By Derek McManus, COO at Telefonica UK
Two years ago we wanted to show how, through the power of connectivity and digital technology, the public and private sectors could work together to deliver tangible benefits to not only local communities, but local economies too.
So, towards the end of 2015 we ran a three month digital engagement programme in St Helens in Merseyside, in collaboration with the council. The programme included rolling out improved 4G connectivity, high-speed wifi in the town centre, providing ‘digital makeover’ sessions for local businesses not embracing technology; and running health checks to help digitally engaged businesses use tech better and smarter.
The programme was a flagship initiative for O2 reaching over 42,000 people, with research by Development Economics finding that the measures within the three month pilot period could inject an additional £46.3m in to the St Helens economy by 2020 – representing 10% additional growth compared with current economic trajectory for the town over that period. It’s a fantastic example of the transformative potential of digital connectivity.

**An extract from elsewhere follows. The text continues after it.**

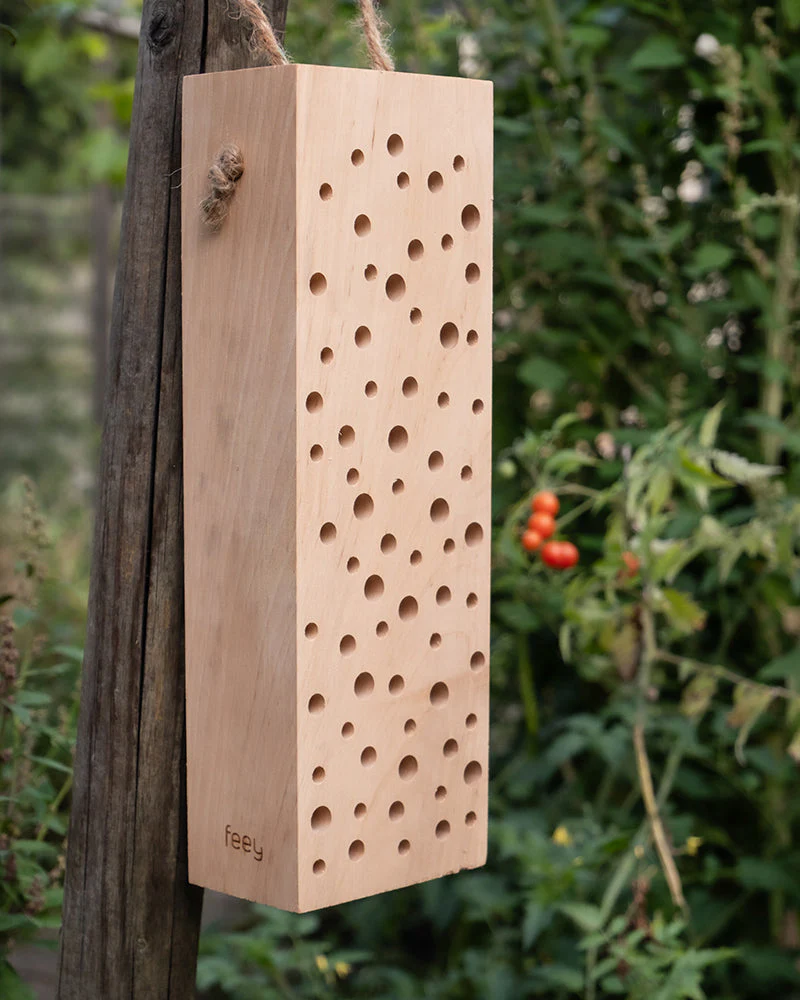 Insektenhotel 'Erbienbi' - Image 8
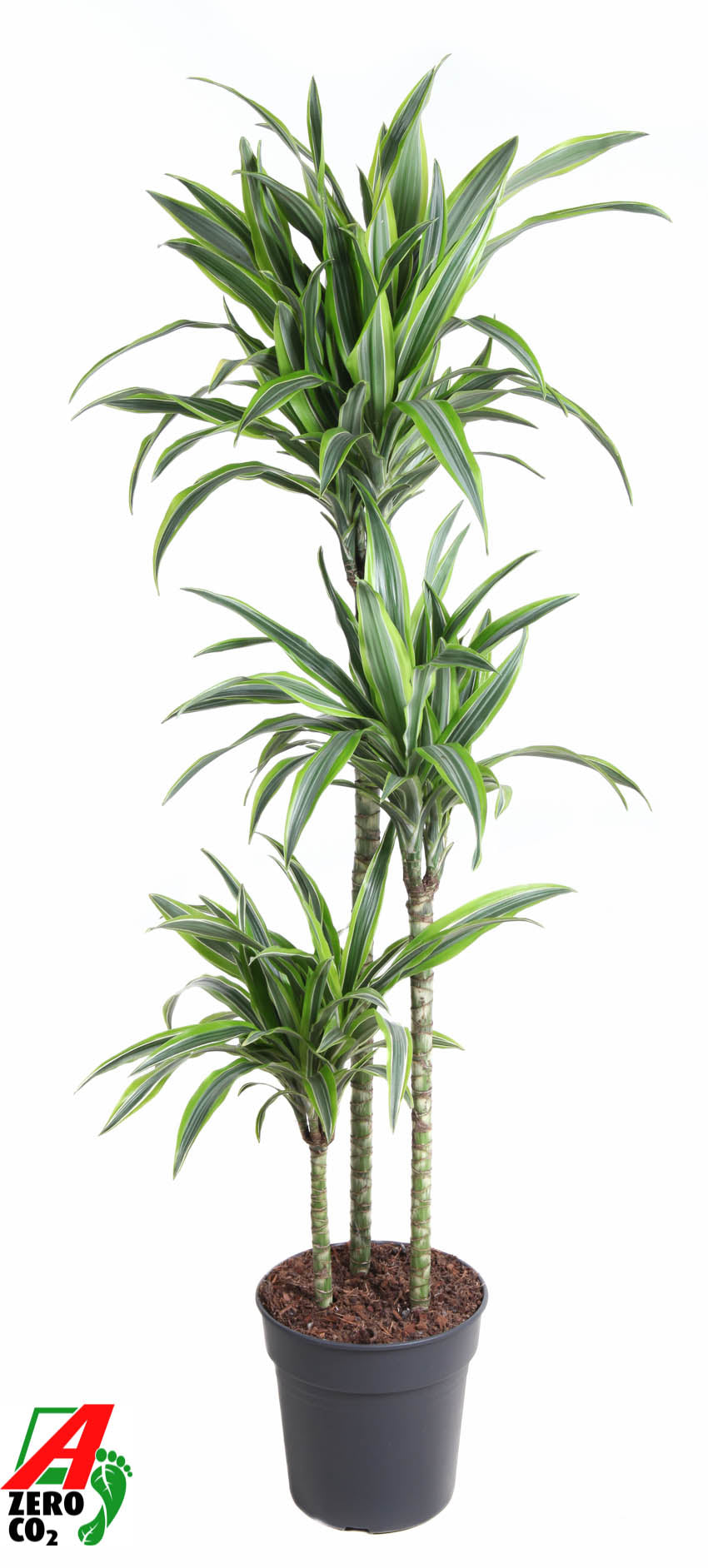 Dracaena fragrans Lemon Lime 90-60-30 140cm 24cm Pot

Recently, 5G has been mooted as a next generation technology that will accelerate both transformation and positive change across the UK. Our own research tells us that an effective rollout of 5G connectivity will add over £7 billion a year to the economy by 2026, and that it will promise a far quicker return on investment than fibre broadband.
Consumers and businesses alike will benefit from increased speeds and greater capacity. But whilst 5G has the potential to offer a range of unprecedented benefits – from remote healthcare applications to connected cars and smart cities – these benefits are some way off. And, more importantly, we won’t be able to reap the rewards of these benefits unless we lay the right foundations now.
Our work in St Helen’s demonstrates just how much can be achieved when the public and private sectors work together to achieve a common goal. It requires collective investment and collaboration from both sides, but the results are considerable.
In order for 5G to deliver on the digital transformation it promises, we need to adopt a similar approach. Partnerships are needed between operators, national and local government, enterprise and communities to create a framework that facilitates the efficient and effective deployment of mobile networks. A more supportive planning regime that permits operators to roll out digital infrastructure faster and more cost effectively is also essential.
At O2, we invest more than £2 million every day towards improving our network infrastructure throughout the UK. By working together to accelerate the rollout of digital infrastructure, we can meet the demands of our customers, encourage economic prosperity and prepare the UK – its households and its businesses – for the digital future.